The suit, filed by citizen Steve Cooper, claims Orma Luckey was biased and abused her powers during the most recent election.

Cooper alleges Luckey should not have allowed candidate Charles Sharrock to be on the ballot for an election held in November. Sharrock was removed from his council seat in 2012 following allegations he sexually harassed female city employees.

Chris Townley with Townley Law Office of Rossville will represent Luckey.

City manager Ron Goulart said the city’s attorney is not representing Luckey because “her decision (regarding Sharrock) was inconsistent with the opinion of the city attorney.”

Both the city and Luckey’s attorney are asking that the suit be dismissed.

In the suit, filed in Catoosa County Superior Court, Cooper is challenging Luckey’s decision allowing Sharrock remain a candidate in the special election Nov. 4. Though the election has already been conducted and Sharrock received less that 22 percent of the votes, Cooper still seeks a decision regarding the legitimacy of Sharrock’s candidacy as well as the election superintendent’s decision to allow Sharrock to be a candidate and actions during the election.

Sharrock was removed from office in November 2012 for the alleged sexual harassment of three female city employees. The council voted to remove him from the Ward 4 seat following a public hearing on the allegations against him. His removal was appealed and Catoosa County Superior Court judge Jon B. Wood upheld the council’s decision to remove him.

Luckey’s decision to allow Sharrock to be a candidate was released Oct. 17. Cooper filed a 13-page appeal in Superior Court on Oct. 27. The suit lists the city of Fort Oglethorpe, Luckey and Sharrock as defendants. Each defendant has 45 days from the date served to respond.

The suit alleges that Luckey was biased in her decision to allow Sharrock to be a candidate, saying she paid for the ballots with her own money after a challenge of Sharrock’s qualifications was made. The suit also argues that Luckey denied Cooper’s rights of due process by not allowing Sharrock to be questioned during a public hearing on Oct. 9.

The suit alleges Luckey’s abuse of power and bias because she ordered the ballots with Sharrock’s name as a candidate prior to the public hearing. Also, the suit argues, Luckey did not allow Sharrock to be questioned during the hearing and then waited until after early voting began to issue an opinion on Sharrock’s qualifications.

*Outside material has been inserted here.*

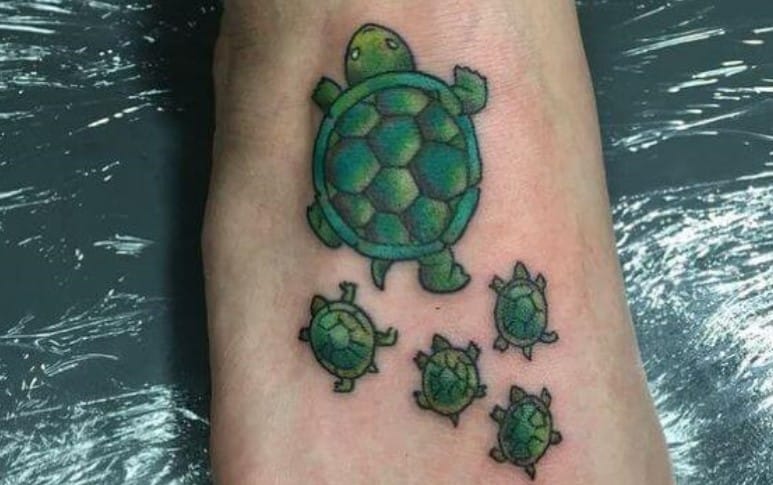 15+ Amazing Turtle Family Tattoo Designs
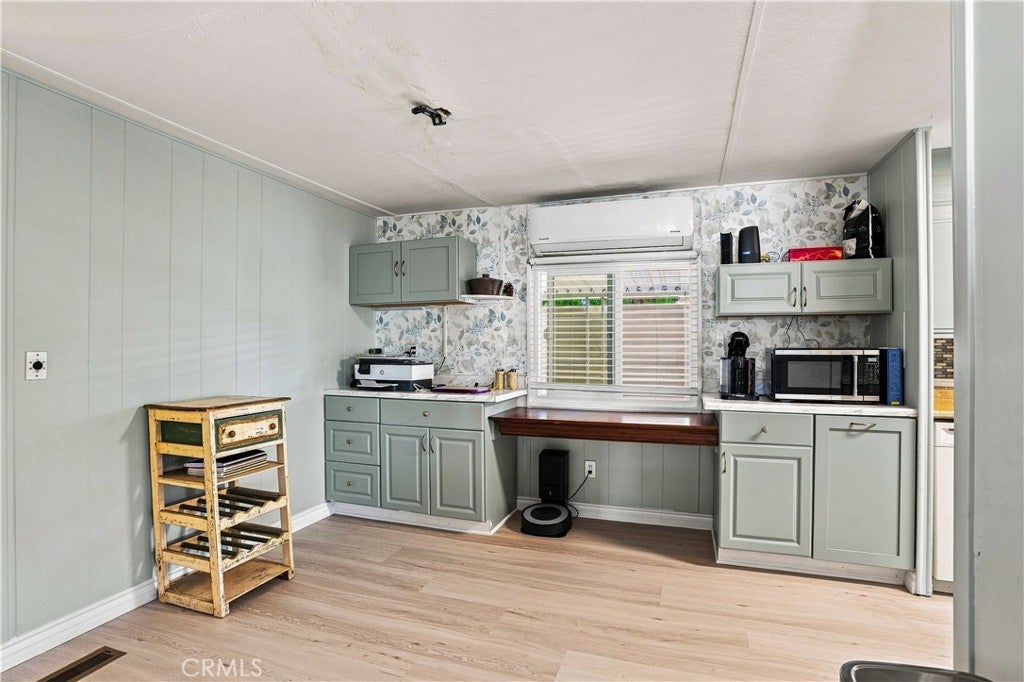332 N. Lyon Avenue 67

Early voting began Oct. 14.

“Luckey has purposefully and intentionally conducted (an) illegal election containing the name of a candidate that is not qualified to be on the ballot,” the appeal states.

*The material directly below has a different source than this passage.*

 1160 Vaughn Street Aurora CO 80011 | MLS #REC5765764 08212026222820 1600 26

The suit asks the court to find that Sharrock is not qualified to serve the remainder of his term. It also asks for an opinion stating Sharrock was appropriately removed from office for malfeasance and that Sharrock committed acts of perjury when he signed the candidate qualifying forms stating that he has never been convicted or sentenced in any court of competent jurisdiction for malfeasance in office.

Cooper and his attorneys ask the court to further determine whether Luckey’s hearing was contrary to the law by denying Cooper’s right to call witnesses. “Luckey’s actions are illegal and a violation of the Georgia election code and the city of Fort Oglethorpe,” the suit reads.

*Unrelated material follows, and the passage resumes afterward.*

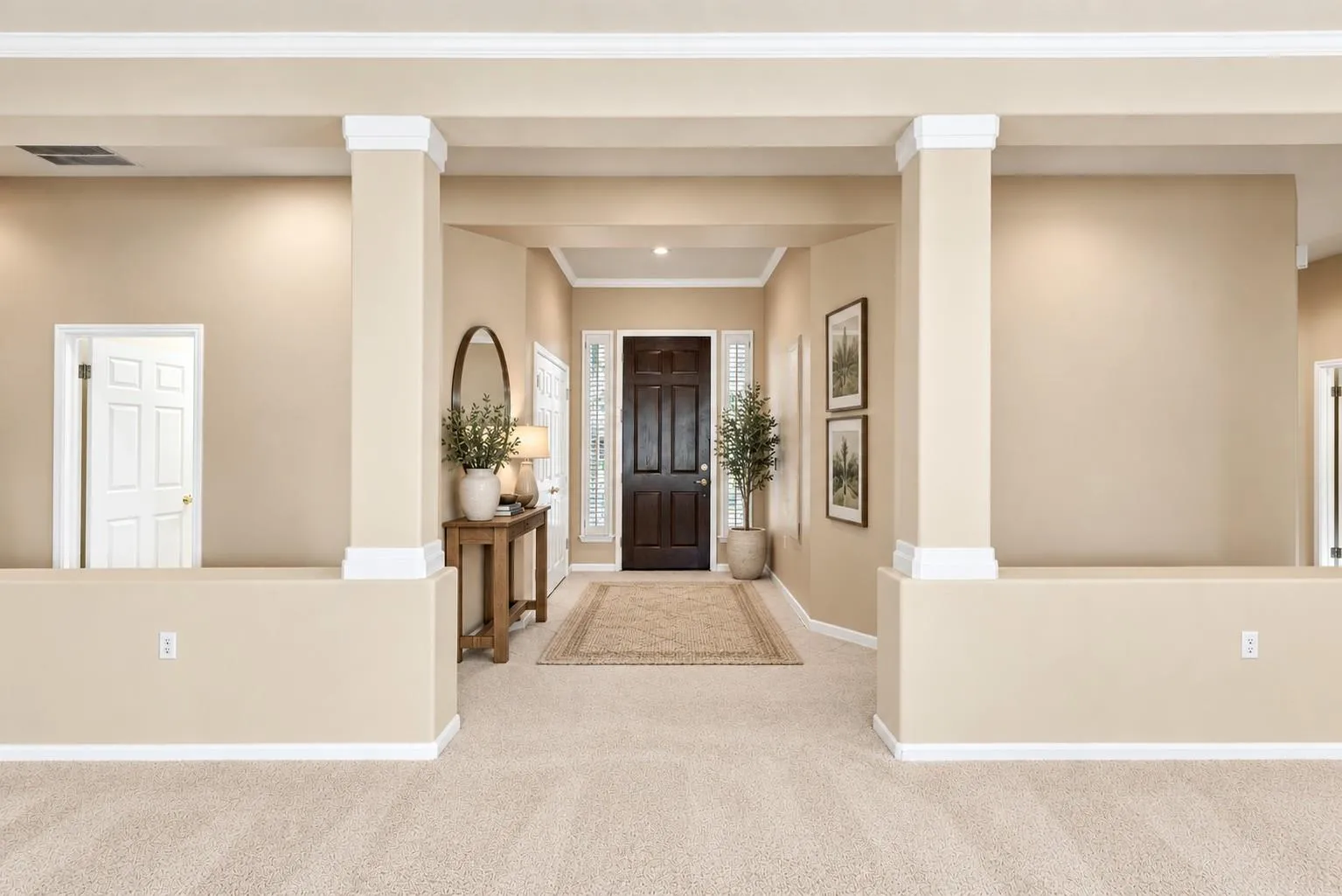 Photo 4 of 128 CREPE MYRTLE LN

“Luckey was biased, prejudiced and denied Cooper his due process rights… As such, she committed acts of misfeasance and malfeasance of office and she is not fit to serve in the office to which she was appointed as she has purposefully and intentionally violated the Georgia election code by placing Sharrock’s name illegally on the ballot.”

Luckey has maintained through the entire time that she hasn’t done anything illegal. She conducted the hearing with an open mind, she said. Luckey said she has purchase orders from March where she paid for election materials out of her own money, an action she is allowed to perform she explained.

Both Luckey and the city responded to the appeal earlier this month. The city’s response is unique because it admits agreement with most of the claims listed. Because there are no complaints against the city, they are asking for the suit to be dismissed.

Luckey said her attorney has also submitted a request for the suit to be dismissed.